An anomalous flowrate feature (often a "hump" or even a "spike") is characteristically observed at early-times during flowback performance in multi-fractured horizontal wells (MFHW) completed in ultra-low permeability (shale) reservoirs prior to the onset of a characteristic reservoir flow regime (i.e., linear or bilinear flow). The flowrate feature tends to occur in all fluid phases and this feature is thought to be attributed to the "clean-up" behavior following well stimulation and/or the phase behavior of the fluid as it flows along the well path.

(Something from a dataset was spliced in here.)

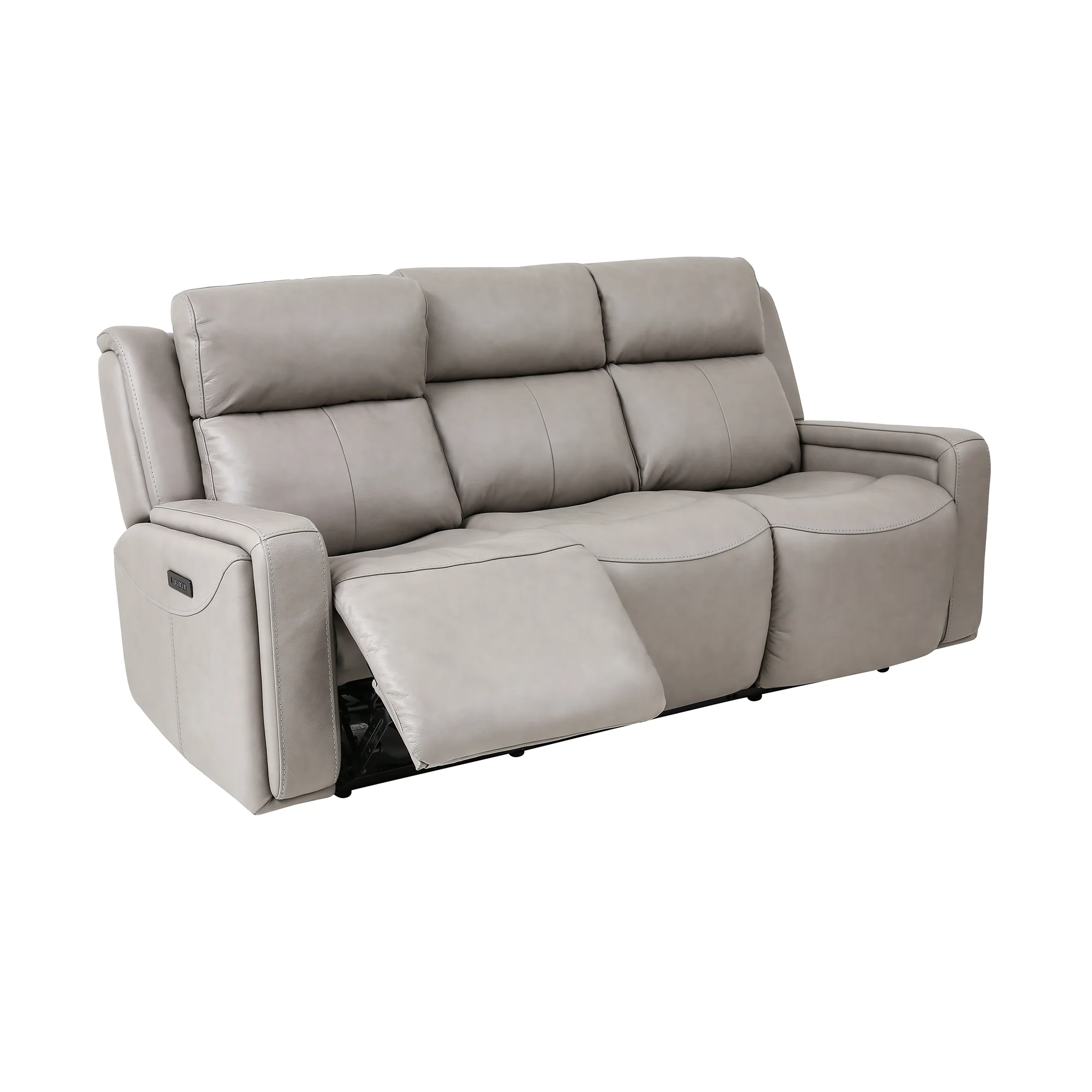 Claude Dual Power Headrest and Lumbar Support Reclining 2 Piece Sofa and Recliner Set in Light Grey Genuine Leather By Armen Living - Image 4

The guiding principle of this work is that this anomalous flowrate feature can be represented by decaying skin effects, a changing wellbore storage effect, or a combination of both decaying skin effects and changing wellbore storage effects. The goal of this work is to provide a proof-of-concept which considers the simplified case of a vertical well with a single vertical fracture to develop a series of time-dependent skin and wellbore storage models that can effectively be used to characterize the early-time flowrate behavior observed in practice. For this study, we forced a constant wellbore flowing pressure constraint, and while we recognize that this constraint is not truly met in practice, we believe that this approach can serve as a base model for diagnostics/interpretative analyses.

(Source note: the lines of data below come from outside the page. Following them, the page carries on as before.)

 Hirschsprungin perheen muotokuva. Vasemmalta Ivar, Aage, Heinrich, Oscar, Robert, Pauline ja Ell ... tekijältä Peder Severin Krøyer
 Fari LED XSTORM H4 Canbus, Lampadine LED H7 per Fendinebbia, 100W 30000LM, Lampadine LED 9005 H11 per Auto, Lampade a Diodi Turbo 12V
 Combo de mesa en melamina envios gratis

Based on the work developed by Fair (1981) and Larsen and Kviljo (1990), our procedure is to couple a series of time-dependent wellbore storage and skin effect models with a set of "power law" reservoir flow models (i.e., linear flow, bilinear flow and a generalized power-law flow model). Specifically, we combine the time-dependent wellbore storage and skin effect models with the constant rate solution reservoir flow models, then apply the convolution integral to produce the constant pressure condition — all in the Laplace domain. In order to generate various scenarios of production performance, we use the Gaver-Wynn-Rho Algorithm implemented in Mathematica to numerically invert the Laplace domain solutions into the real time domain. A generalized workflow is provided to demonstrate the addition of time-dependent wellbore storage and skin effects to any prescribed reservoir model.
Using the various wellbore storage and skin time-dependent models proposed in this work, we observe that each of these models, individually and in combination, provide behavior indicative of early-time flowrates observed in the field. In short, we demonstrate that each time-dependent model has unique characteristics, which could, in concept, allow for characterization of flow behavior in the fracture prior to the onset of an undistorted "reservoir" flow geometry (i.e., formation linear or bilinear flow).